■ EXERCISE GOAL: In the data below, find the line containing "传统三角帆船起重机反射日落海湾景观首都建筑物独桅商业城市图片" and the line containing "May include: A", then reproduce them and every line between, exactly. Omit pictures.

─── DATA EXCERPTS ───

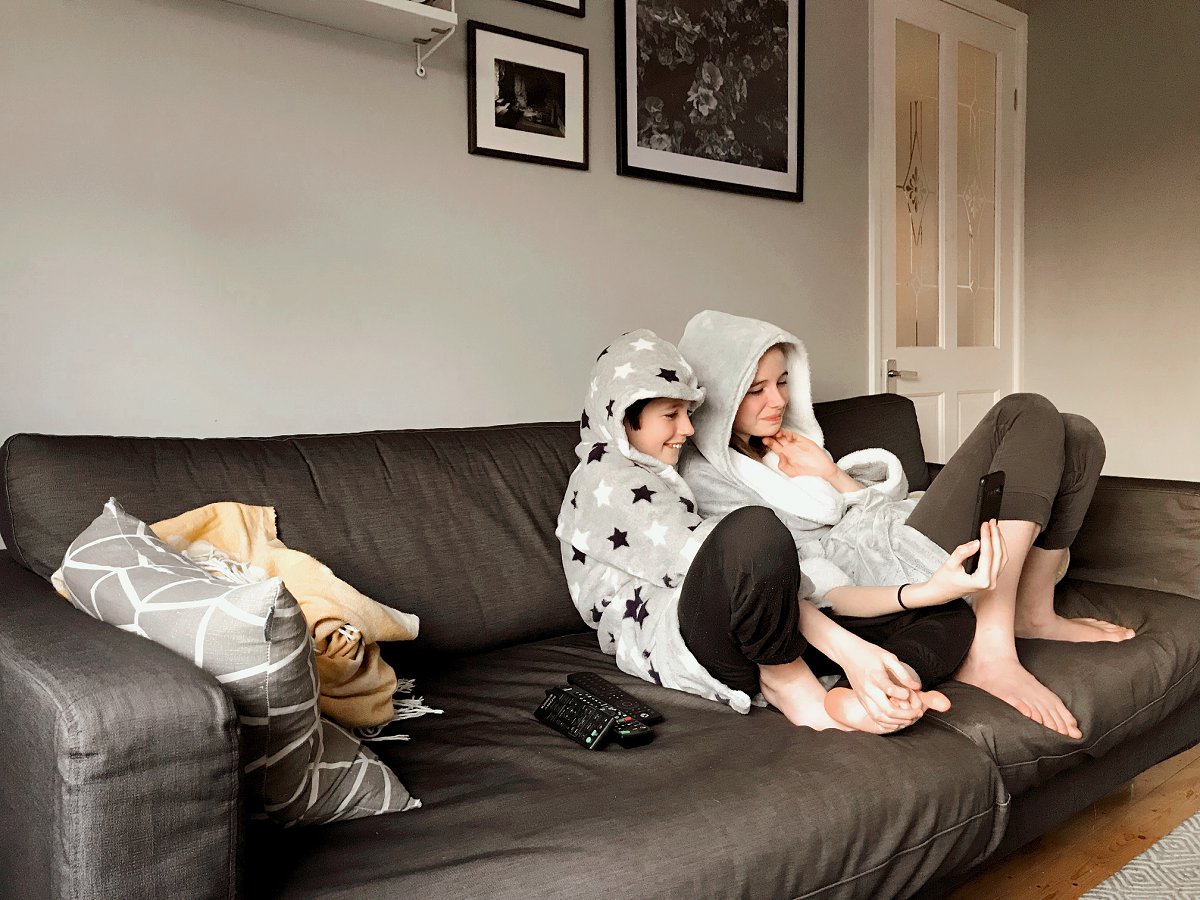 Children in pyjamas and dressing gowns take a video call curled up on the sofa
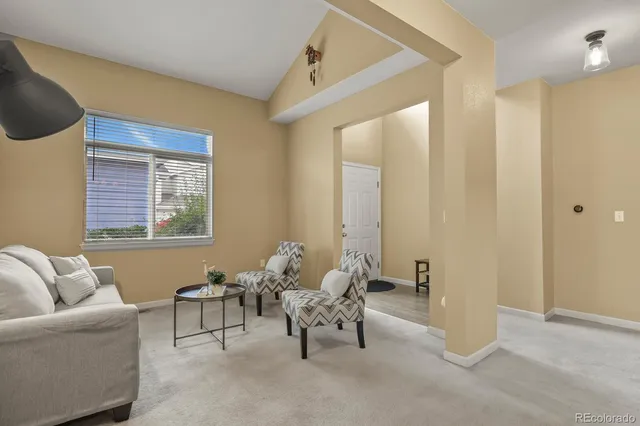 a living room with furniture and a window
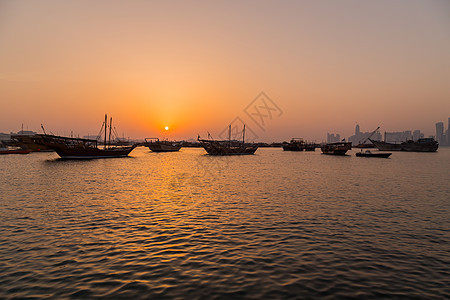 传统三角帆船起重机反射日落海湾景观首都建筑物独桅商业城市图片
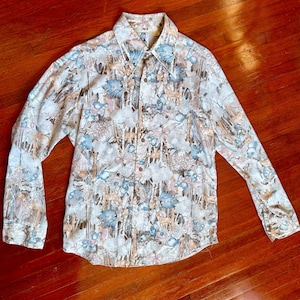 May include: A long-sleeved button-down shirt with a nature-themed pattern. The shirt features a repeating design of deer, trees, and flowers in shades of beige, blue, and brown. The shirt has a classic collar and buttoned cuffs.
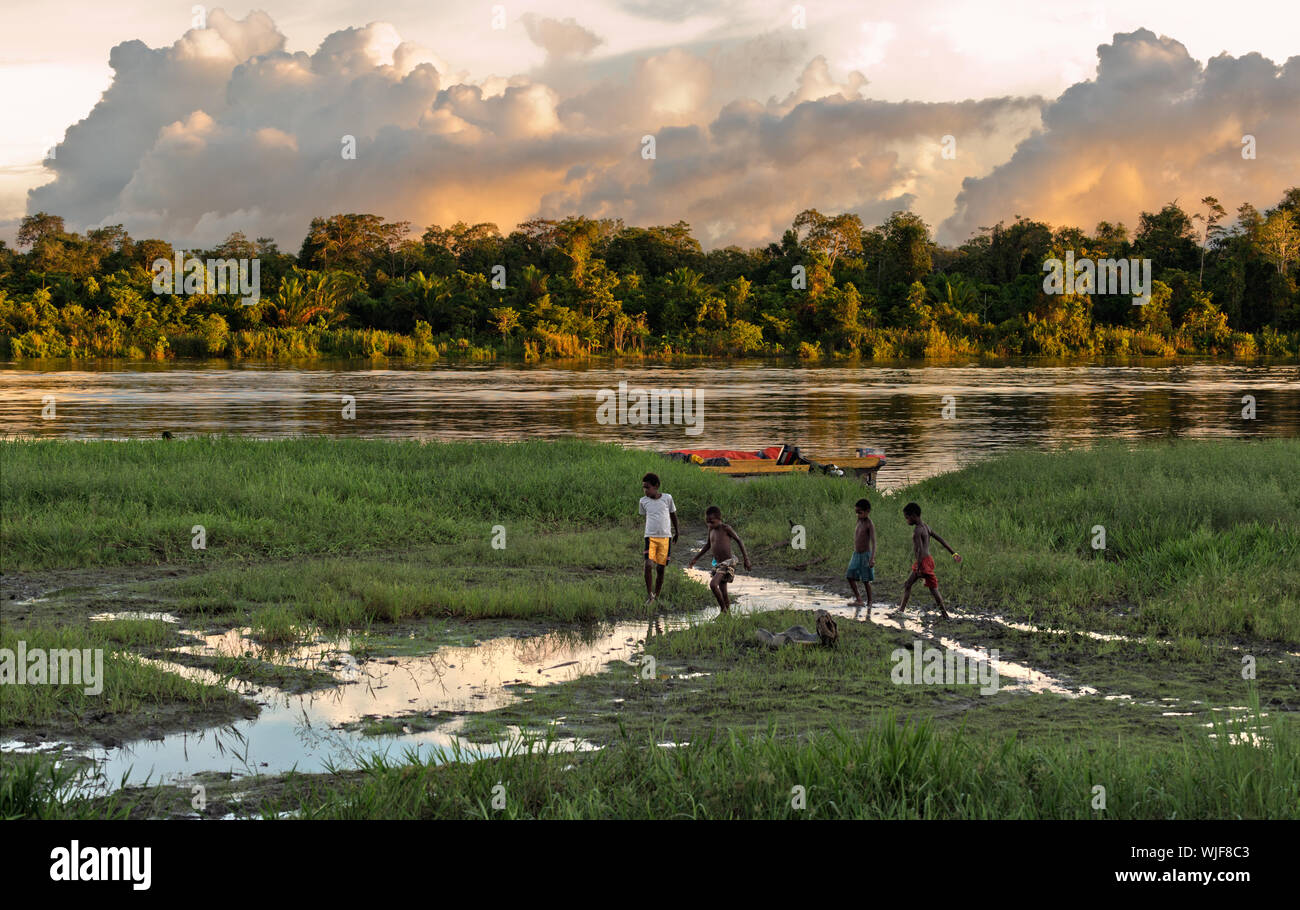 Neuguinea, Indonesien - Juni 26: Unbekannt Kinder spielen am Ufer des Flusses, in der Nähe des Dorfes. Rückgang, am Ende des Tages. Juni 26, 2012 in Dorf, Neu Guinea Stockfoto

───

■ YOUR RESPONSE:
 传统三角帆船起重机反射日落海湾景观首都建筑物独桅商业城市图片
 May include: A long-sleeved button-down shirt with a nature-themed pattern. The shirt features a repeating design of deer, trees, and flowers in shades of beige, blue, and brown. The shirt has a classic collar and buttoned cuffs.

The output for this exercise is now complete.